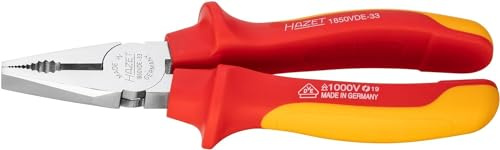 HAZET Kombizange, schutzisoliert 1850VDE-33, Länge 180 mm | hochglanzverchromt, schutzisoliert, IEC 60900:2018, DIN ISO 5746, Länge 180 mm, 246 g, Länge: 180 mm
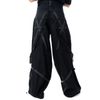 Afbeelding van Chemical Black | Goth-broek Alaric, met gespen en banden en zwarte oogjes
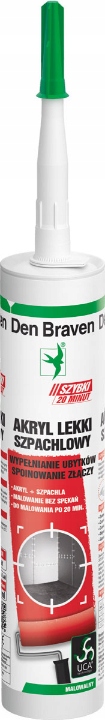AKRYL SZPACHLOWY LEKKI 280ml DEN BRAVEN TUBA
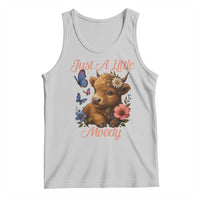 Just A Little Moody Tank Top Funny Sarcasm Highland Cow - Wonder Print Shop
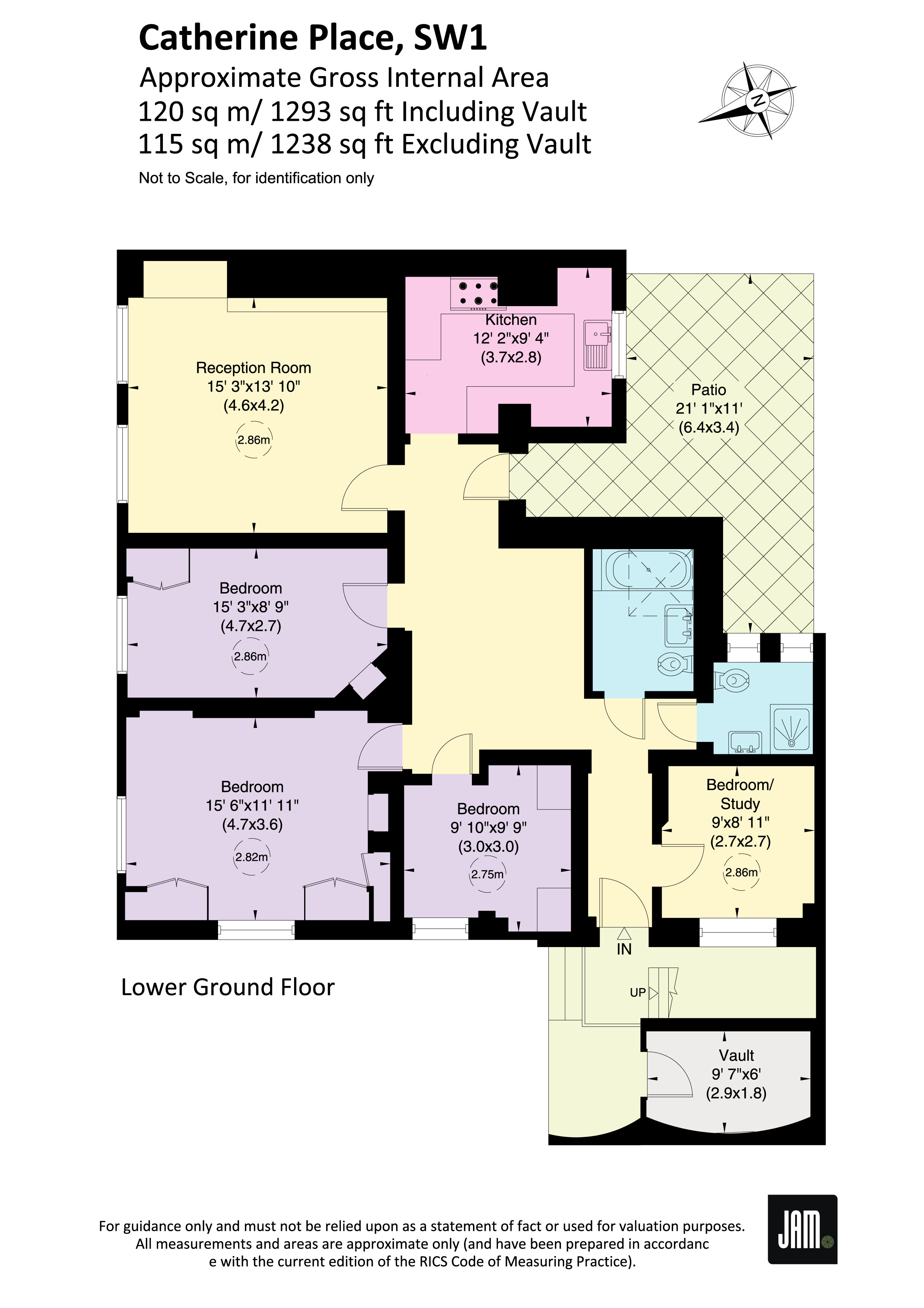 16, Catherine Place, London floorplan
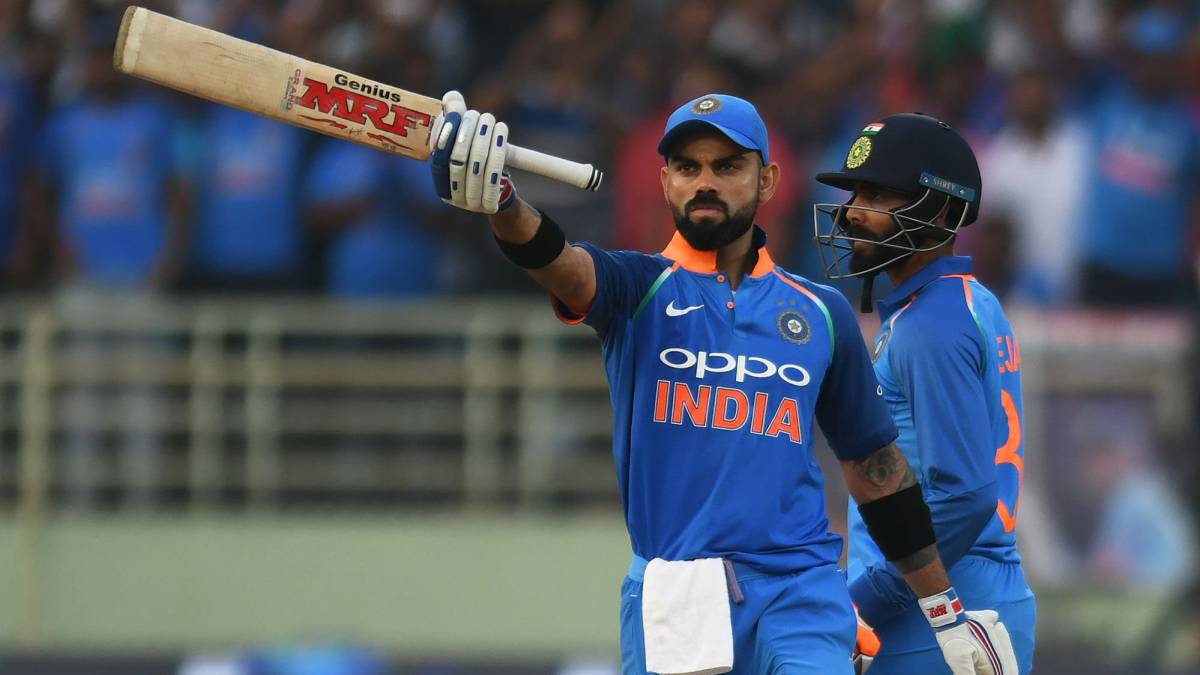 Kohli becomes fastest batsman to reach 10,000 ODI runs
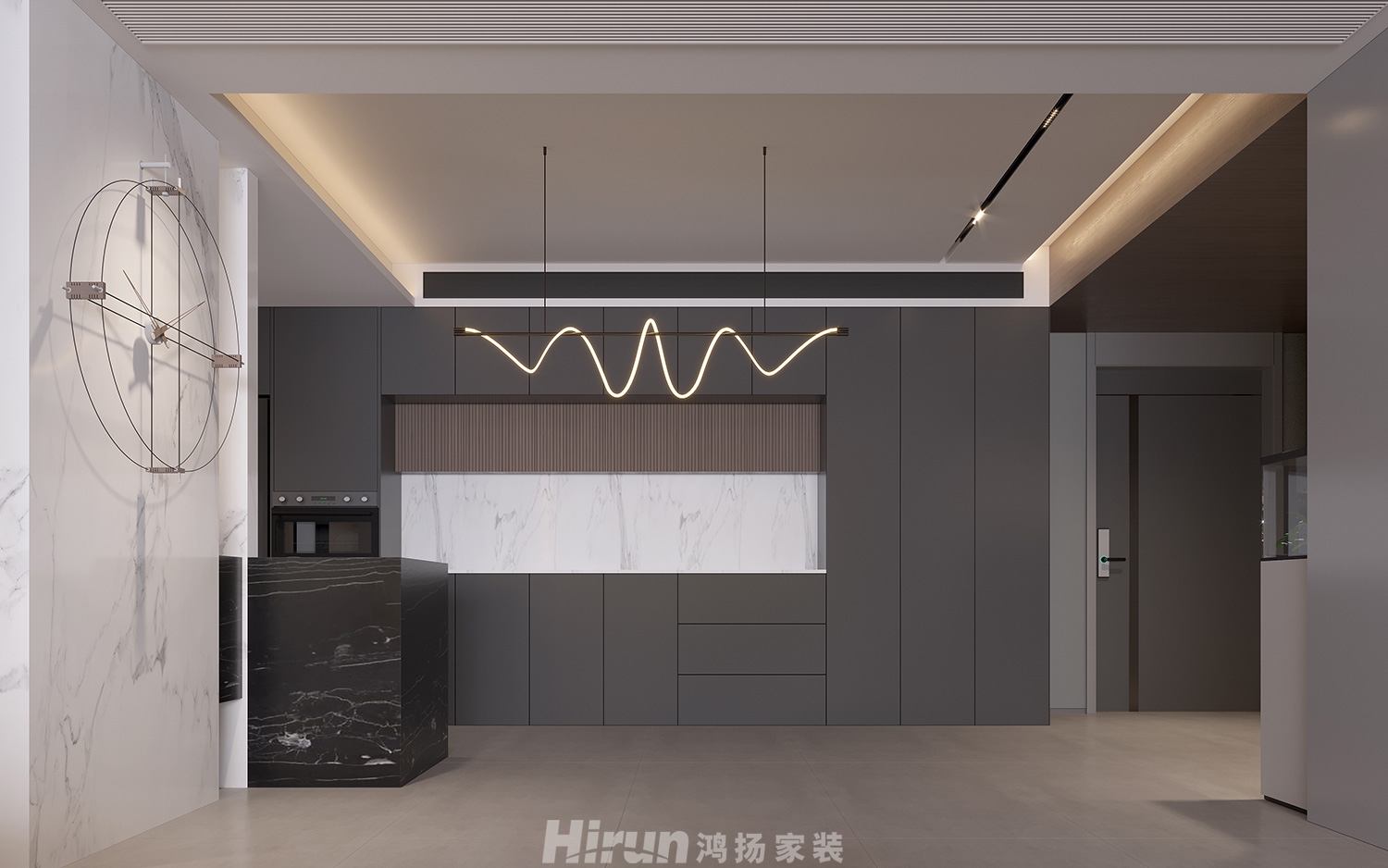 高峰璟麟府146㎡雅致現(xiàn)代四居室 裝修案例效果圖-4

------------------------------------------------

TASK OBJECTIVE —
Extract word for word every line from the line that contains "16, Catherine Place, London floorplan" to the final line of the data, both included, and nothing else; skip the pictures.

YOUR RESPONSE —
 16, Catherine Place, London floorplan
 Kohli becomes fastest batsman to reach 10,000 ODI runs
 高峰璟麟府146㎡雅致現(xiàn)代四居室 裝修案例效果圖-4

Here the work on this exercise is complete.